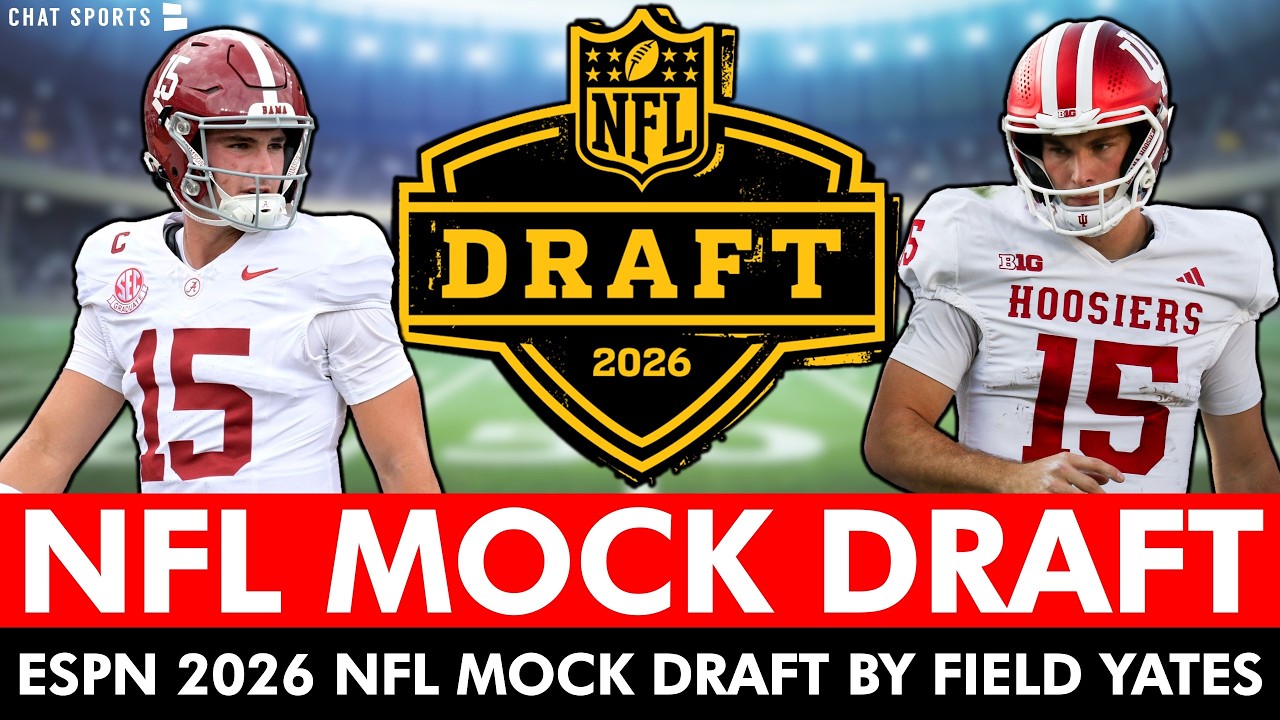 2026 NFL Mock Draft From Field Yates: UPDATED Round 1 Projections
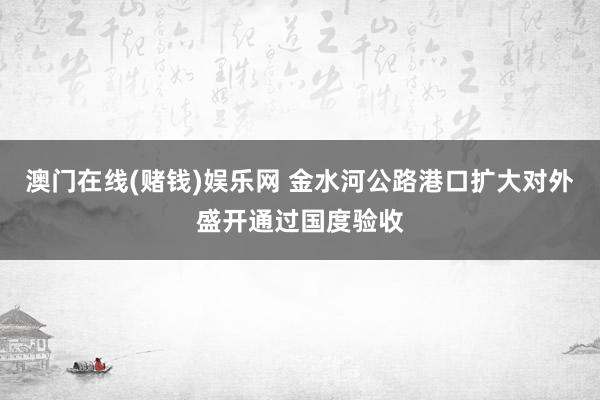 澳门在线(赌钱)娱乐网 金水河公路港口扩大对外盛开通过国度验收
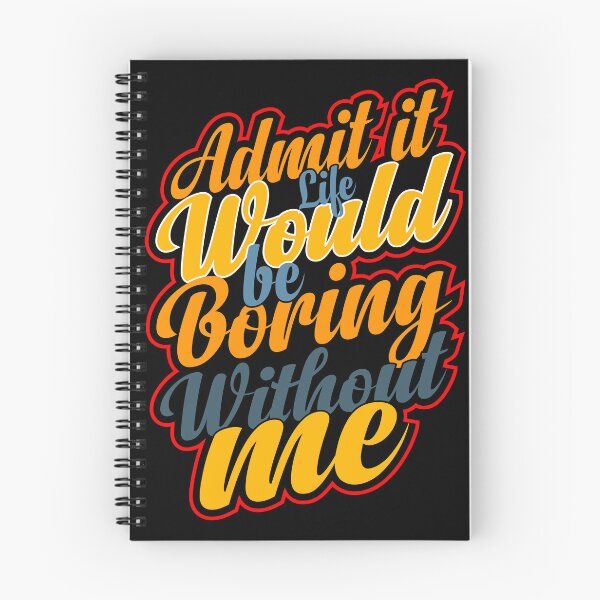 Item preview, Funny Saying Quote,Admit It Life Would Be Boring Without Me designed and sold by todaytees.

★ ★ ★ ★ ★ ★ ★

Would you write out the material above in full, exactly as given, except for its pictures?

## Solution to this exercise
 2026 NFL Mock Draft From Field Yates: UPDATED Round 1 Projections
 澳门在线(赌钱)娱乐网 金水河公路港口扩大对外盛开通过国度验收
 Item preview, Funny Saying Quote,Admit It Life Would Be Boring Without Me designed and sold by todaytees.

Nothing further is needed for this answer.